- _Exercise brief_:
Using the entries below, show all lines with the string "dark".

- _Working data_:
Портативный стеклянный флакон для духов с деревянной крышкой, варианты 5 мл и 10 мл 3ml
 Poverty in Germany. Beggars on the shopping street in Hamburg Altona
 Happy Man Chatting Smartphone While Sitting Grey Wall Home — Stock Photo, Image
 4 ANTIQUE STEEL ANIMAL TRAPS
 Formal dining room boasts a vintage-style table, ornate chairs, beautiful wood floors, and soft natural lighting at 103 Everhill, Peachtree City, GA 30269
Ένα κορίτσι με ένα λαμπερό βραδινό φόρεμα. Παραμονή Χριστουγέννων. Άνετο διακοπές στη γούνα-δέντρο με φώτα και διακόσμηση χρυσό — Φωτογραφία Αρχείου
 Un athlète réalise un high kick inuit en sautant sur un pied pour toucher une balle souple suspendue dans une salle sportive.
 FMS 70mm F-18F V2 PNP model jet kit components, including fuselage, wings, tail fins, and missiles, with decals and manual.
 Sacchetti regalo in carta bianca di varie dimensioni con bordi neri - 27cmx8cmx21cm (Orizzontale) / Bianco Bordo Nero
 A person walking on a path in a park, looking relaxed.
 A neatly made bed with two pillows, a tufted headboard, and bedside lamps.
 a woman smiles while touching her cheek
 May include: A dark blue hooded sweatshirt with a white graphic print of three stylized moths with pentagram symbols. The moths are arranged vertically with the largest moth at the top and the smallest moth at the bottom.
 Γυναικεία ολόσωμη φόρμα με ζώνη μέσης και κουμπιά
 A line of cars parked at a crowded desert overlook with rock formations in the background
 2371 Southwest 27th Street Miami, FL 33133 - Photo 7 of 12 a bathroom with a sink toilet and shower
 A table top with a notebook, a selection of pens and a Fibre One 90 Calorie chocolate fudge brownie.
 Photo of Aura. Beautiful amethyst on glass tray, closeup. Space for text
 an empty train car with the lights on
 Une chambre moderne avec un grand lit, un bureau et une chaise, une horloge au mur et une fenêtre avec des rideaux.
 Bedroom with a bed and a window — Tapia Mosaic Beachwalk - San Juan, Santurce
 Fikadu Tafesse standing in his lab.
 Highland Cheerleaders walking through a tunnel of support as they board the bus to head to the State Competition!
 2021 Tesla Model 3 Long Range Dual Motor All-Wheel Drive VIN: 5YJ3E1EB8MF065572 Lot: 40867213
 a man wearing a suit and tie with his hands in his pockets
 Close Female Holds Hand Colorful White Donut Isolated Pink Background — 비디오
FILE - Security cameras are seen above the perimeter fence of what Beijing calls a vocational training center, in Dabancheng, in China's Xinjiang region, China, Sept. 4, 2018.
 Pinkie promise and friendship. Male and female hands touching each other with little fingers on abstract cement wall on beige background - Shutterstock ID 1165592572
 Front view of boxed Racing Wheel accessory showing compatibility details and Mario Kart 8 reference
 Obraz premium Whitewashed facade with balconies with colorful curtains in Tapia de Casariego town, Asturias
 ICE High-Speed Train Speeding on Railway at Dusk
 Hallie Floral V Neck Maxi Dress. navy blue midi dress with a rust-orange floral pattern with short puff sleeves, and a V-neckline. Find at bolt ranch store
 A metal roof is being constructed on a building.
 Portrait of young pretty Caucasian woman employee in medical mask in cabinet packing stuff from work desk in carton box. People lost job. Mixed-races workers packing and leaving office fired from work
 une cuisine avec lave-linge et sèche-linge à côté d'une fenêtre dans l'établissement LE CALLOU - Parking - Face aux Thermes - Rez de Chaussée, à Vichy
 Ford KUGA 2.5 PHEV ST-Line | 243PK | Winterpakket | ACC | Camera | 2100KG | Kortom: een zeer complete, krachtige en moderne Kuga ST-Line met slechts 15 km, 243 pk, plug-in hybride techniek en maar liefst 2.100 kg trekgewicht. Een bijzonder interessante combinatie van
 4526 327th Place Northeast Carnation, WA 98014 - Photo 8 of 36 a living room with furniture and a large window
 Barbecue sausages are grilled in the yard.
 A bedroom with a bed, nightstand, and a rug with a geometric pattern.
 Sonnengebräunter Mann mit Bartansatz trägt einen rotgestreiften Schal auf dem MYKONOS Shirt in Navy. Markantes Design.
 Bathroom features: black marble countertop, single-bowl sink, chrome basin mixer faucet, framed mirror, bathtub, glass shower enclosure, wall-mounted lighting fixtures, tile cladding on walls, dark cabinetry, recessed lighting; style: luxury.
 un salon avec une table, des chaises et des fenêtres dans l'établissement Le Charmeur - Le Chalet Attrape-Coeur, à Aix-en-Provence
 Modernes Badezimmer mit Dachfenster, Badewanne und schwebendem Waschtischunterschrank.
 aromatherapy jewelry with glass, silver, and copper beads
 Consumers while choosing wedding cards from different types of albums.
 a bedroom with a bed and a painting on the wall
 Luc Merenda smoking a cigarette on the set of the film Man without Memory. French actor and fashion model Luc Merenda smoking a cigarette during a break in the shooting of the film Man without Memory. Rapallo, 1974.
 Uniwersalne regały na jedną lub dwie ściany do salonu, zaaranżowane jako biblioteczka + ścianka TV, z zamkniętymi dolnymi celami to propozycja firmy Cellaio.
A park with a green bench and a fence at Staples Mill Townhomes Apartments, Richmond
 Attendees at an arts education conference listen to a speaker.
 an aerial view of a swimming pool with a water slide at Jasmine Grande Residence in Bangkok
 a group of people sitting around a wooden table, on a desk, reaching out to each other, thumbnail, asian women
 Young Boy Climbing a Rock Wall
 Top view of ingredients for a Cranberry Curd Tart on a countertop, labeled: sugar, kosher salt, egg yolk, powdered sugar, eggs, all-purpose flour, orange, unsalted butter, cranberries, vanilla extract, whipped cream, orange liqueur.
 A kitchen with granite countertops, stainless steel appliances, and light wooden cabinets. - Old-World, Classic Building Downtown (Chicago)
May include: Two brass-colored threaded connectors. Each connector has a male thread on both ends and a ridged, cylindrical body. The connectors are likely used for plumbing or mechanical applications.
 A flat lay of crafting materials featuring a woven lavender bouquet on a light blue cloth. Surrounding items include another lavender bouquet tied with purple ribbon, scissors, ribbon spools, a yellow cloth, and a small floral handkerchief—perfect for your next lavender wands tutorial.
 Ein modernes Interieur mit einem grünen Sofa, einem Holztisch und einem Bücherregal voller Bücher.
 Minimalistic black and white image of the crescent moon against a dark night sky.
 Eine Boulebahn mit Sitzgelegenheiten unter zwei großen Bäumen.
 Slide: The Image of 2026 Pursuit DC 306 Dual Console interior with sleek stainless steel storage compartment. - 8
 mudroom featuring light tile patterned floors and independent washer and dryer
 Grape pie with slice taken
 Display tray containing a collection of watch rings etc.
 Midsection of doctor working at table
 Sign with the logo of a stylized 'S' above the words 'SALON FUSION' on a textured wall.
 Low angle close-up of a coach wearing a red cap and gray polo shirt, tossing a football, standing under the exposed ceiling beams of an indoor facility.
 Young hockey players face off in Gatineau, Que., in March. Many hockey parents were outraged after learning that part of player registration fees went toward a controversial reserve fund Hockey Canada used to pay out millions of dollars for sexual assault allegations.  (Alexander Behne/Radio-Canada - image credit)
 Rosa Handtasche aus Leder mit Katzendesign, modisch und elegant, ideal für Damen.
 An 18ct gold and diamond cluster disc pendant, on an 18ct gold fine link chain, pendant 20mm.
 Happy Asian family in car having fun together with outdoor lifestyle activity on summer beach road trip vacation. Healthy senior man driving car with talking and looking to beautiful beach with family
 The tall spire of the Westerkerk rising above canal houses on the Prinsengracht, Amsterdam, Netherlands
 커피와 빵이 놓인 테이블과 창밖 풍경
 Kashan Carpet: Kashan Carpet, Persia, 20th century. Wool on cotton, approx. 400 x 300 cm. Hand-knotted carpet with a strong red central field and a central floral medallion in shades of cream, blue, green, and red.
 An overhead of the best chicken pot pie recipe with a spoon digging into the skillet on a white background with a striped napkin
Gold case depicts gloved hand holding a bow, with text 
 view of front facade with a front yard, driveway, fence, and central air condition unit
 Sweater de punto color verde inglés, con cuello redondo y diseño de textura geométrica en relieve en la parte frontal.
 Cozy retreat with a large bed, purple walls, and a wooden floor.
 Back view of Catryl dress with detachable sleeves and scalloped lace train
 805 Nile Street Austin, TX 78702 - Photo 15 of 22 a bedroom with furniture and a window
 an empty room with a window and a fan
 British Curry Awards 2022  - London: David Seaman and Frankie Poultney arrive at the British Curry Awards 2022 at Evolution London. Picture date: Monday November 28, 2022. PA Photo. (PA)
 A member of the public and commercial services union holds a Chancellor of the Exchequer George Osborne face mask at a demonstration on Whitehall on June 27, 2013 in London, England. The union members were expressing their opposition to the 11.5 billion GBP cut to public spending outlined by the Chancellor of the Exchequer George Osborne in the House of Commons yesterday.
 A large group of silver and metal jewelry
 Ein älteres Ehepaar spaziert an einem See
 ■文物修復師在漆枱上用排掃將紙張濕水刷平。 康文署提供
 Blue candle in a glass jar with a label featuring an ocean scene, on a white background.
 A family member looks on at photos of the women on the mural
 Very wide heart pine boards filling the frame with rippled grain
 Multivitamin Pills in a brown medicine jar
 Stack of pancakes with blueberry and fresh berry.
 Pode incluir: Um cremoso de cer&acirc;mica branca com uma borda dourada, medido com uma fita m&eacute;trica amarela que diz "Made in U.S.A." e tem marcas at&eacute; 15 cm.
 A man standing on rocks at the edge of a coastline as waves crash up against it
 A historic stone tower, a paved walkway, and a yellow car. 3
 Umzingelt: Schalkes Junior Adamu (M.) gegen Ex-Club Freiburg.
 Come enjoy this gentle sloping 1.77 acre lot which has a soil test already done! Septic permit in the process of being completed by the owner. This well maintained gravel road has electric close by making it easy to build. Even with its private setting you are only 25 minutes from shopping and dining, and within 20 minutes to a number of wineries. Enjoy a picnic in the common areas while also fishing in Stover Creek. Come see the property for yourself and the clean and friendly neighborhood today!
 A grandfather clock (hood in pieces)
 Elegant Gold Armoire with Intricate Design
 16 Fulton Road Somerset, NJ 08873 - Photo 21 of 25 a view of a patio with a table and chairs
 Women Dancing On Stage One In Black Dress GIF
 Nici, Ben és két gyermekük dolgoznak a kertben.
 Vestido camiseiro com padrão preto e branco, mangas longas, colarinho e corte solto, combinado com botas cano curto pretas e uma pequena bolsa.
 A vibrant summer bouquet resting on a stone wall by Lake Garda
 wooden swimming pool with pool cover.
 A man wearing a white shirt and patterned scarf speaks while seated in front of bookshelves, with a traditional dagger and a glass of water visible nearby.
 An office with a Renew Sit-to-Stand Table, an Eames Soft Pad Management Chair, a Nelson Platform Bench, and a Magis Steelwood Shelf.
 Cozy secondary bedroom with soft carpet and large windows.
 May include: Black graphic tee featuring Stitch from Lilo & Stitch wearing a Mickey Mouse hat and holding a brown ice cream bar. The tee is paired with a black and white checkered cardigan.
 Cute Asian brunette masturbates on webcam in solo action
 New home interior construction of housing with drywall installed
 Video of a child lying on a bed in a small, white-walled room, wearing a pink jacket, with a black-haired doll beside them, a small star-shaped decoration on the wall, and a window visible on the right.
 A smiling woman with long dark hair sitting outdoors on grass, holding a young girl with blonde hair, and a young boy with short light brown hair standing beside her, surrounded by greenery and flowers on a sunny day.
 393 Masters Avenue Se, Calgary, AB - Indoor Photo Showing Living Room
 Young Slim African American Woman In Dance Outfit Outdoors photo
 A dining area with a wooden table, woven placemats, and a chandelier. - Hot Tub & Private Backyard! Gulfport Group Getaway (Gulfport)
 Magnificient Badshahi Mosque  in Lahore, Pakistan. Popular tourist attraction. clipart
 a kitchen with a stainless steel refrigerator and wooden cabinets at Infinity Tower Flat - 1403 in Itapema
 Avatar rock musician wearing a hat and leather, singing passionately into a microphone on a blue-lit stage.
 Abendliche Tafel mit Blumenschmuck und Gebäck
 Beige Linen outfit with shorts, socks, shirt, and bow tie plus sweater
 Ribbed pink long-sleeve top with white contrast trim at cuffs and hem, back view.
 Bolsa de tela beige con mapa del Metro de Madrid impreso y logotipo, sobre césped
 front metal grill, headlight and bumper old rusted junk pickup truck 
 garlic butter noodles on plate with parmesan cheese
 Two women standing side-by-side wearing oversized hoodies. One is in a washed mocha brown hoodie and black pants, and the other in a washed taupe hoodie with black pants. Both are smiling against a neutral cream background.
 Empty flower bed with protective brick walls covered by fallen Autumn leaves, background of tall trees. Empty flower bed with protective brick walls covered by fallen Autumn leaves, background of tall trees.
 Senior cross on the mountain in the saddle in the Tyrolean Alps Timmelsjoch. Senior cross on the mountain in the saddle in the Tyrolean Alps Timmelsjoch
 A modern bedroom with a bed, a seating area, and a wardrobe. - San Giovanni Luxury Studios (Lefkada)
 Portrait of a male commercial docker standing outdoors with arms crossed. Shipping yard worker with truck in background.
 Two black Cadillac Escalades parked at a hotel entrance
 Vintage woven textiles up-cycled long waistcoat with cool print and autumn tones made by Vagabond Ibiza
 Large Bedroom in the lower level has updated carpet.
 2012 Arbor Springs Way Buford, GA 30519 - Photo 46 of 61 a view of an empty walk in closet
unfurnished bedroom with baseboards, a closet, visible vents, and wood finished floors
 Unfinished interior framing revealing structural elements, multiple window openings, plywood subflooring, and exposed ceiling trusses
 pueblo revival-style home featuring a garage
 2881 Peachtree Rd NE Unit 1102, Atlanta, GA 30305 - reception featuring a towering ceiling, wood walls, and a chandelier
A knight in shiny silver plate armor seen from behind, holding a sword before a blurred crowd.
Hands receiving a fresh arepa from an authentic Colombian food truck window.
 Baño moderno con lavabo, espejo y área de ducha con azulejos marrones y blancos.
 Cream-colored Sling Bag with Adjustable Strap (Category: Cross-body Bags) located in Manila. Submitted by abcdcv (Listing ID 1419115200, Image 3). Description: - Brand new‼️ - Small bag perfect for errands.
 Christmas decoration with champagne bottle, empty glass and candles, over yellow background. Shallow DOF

- _Task solution_:
 May include: A dark blue hooded sweatshirt with a white graphic print of three stylized moths with pentagram symbols. The moths are arranged vertically with the largest moth at the top and the smallest moth at the bottom.
 Bathroom features: black marble countertop, single-bowl sink, chrome basin mixer faucet, framed mirror, bathtub, glass shower enclosure, wall-mounted lighting fixtures, tile cladding on walls, dark cabinetry, recessed lighting; style: luxury.
 Minimalistic black and white image of the crescent moon against a dark night sky.
 A smiling woman with long dark hair sitting outdoors on grass, holding a young girl with blonde hair, and a young boy with short light brown hair standing beside her, surrounded by greenery and flowers on a sunny day.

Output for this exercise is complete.